Sin embargo, terminada la acción, el guión del fútbol real pierde credibilidad. Porque engaña a ganadores y perdedores. Boca fue otra vez campeón, pero sabe que será difícil seguir acumulando títulos jugando así. Y Racing, que vivió descenso, quiebra, gerenciamiento y 35 años de sequía, sabe también que el domingo, como afirmaron algunos, no sufrió exactamente “la mayor vergüenza de su historia”. Que un penal fallado (eso fue lo que definió el título entre uno y otro) no anula de ninguna manera su búsqueda por un fútbol mejor. Su intento permanente de protagonismo en medio de tanto repliegue colectivo.

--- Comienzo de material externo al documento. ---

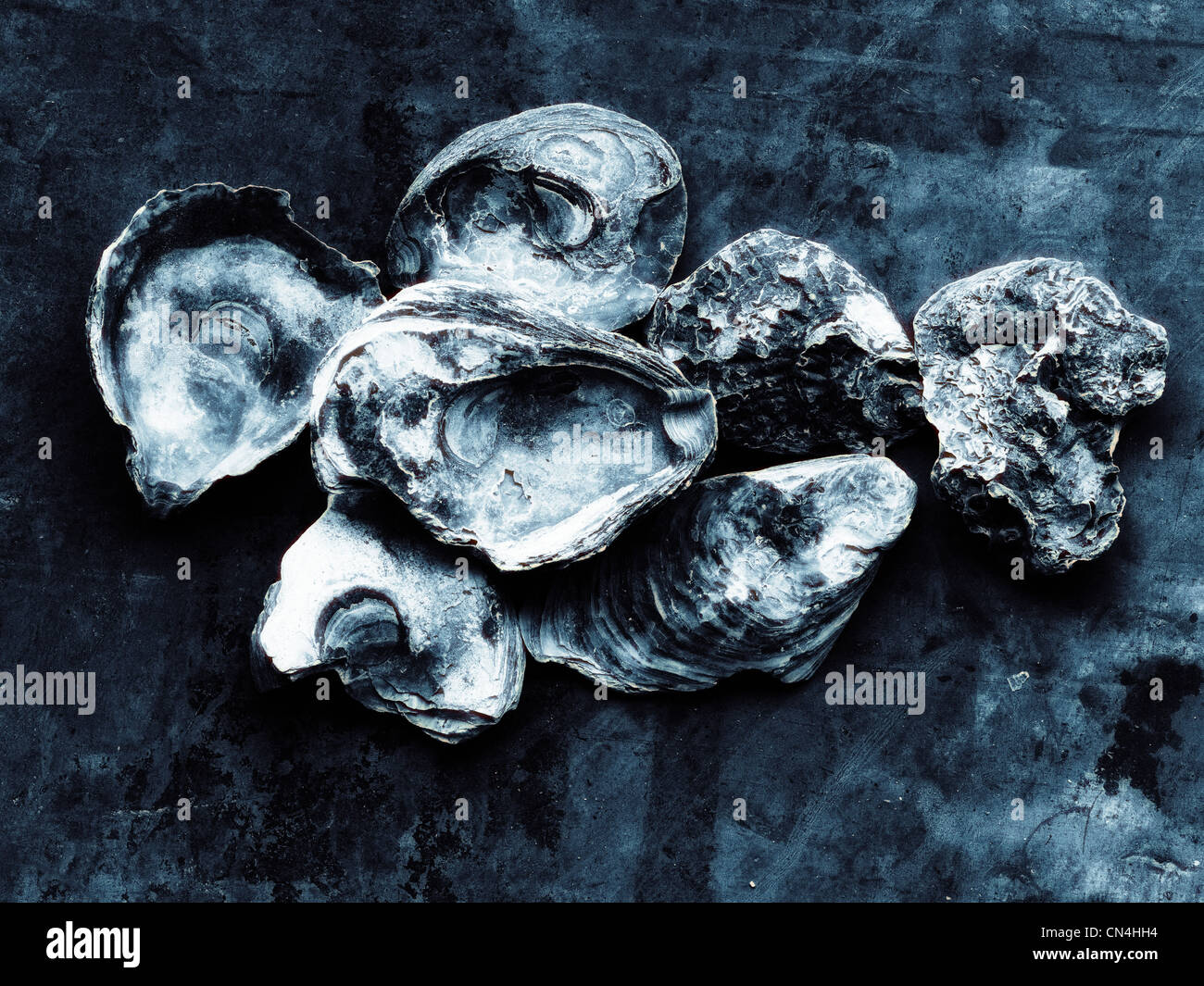 Montón de conchas de ostra vacía Foto de stock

Boca fue superior con menos. En ningún lado está escrito que el fútbol debe ser justo. Gana el que hace un gol más que el rival. Y así lo hizo Boca. Si su vestuario era un cabaret, terminó siendo una roca. Veteranos que dejaron lastimados la batalla llorando y pibes que los reemplazaron dispuestos a comerse al rival. Boca Made in Riquelme. Cinco títulos nacionales sobre siete posibles. Reserva bicampeona. Mujeres campeonas de la Liga y finalistas de la Libertadores femenina. La Bombonera a sus pies (y la Libertadores pendiente).

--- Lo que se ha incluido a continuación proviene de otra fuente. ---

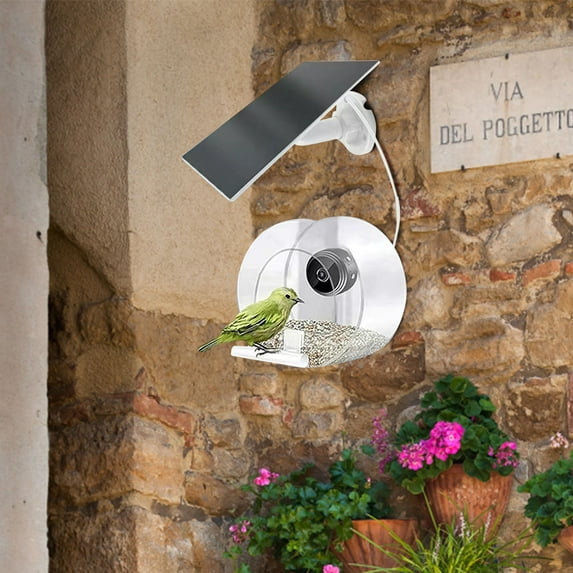 Smart Bird Feeder with 1080P HD Camera | Solar Powered Outdoor Bird Watching | WiFi Remote Monitoring | 170° Wide Angle Night Vision | Built-in Microphone | IP66 Waterproof | Gift for Bird Lovers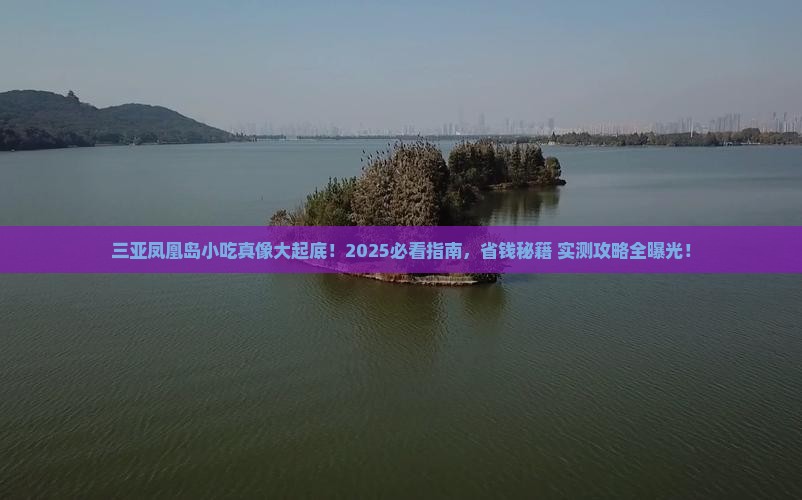 永新出发三亚凤凰岛旅游小吃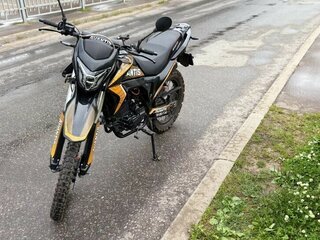 2022 Avantis MT300, жёлтый, 130000 рублей, вид 4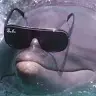 Eric Berkley - @eric.berkley - TikTok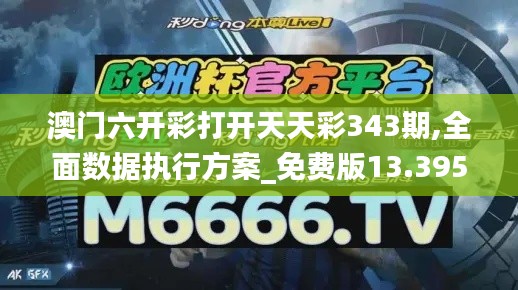 澳门六开彩打开天天彩343期,全面数据执行方案_免费版13.395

Hollywood buscó alguna vez explicarnos al deporte moderno a través de “Moneyball”, una película de 2011 que cuenta la historia de Billy Bayne (Brad Pitt), un gerente que, aliado con un economista de Yale, construyó el éxito de su equipo (Oakland Athletics) utilizando estadísticas heterodoxas para fichar talentos desconocidos a bajo costo. “Nunca permitas que la realidad te joda una buena historia”. La frase, célebre en viejas redacciones de diarios, sirve para contar que, en rigor, la bonita historia de “Moneyball” omite justamente estadísticas que desmienten el “genio” de Bayne. No hay libritos únicos que garanticen triunfos. Boca, más allá de ironías al “mate y asado”, se aferra a un viejo concepto de presencia, pertenencia e identidad con el club. Y de resistencia al marketing que exigía refuerzos. Agustín Rossi reemplazó a Esteban Andrada. Y Luca Langoni a Ezequiel Zeballos. Debutan 31 pibes más. “Moneyball” en Boca Predio.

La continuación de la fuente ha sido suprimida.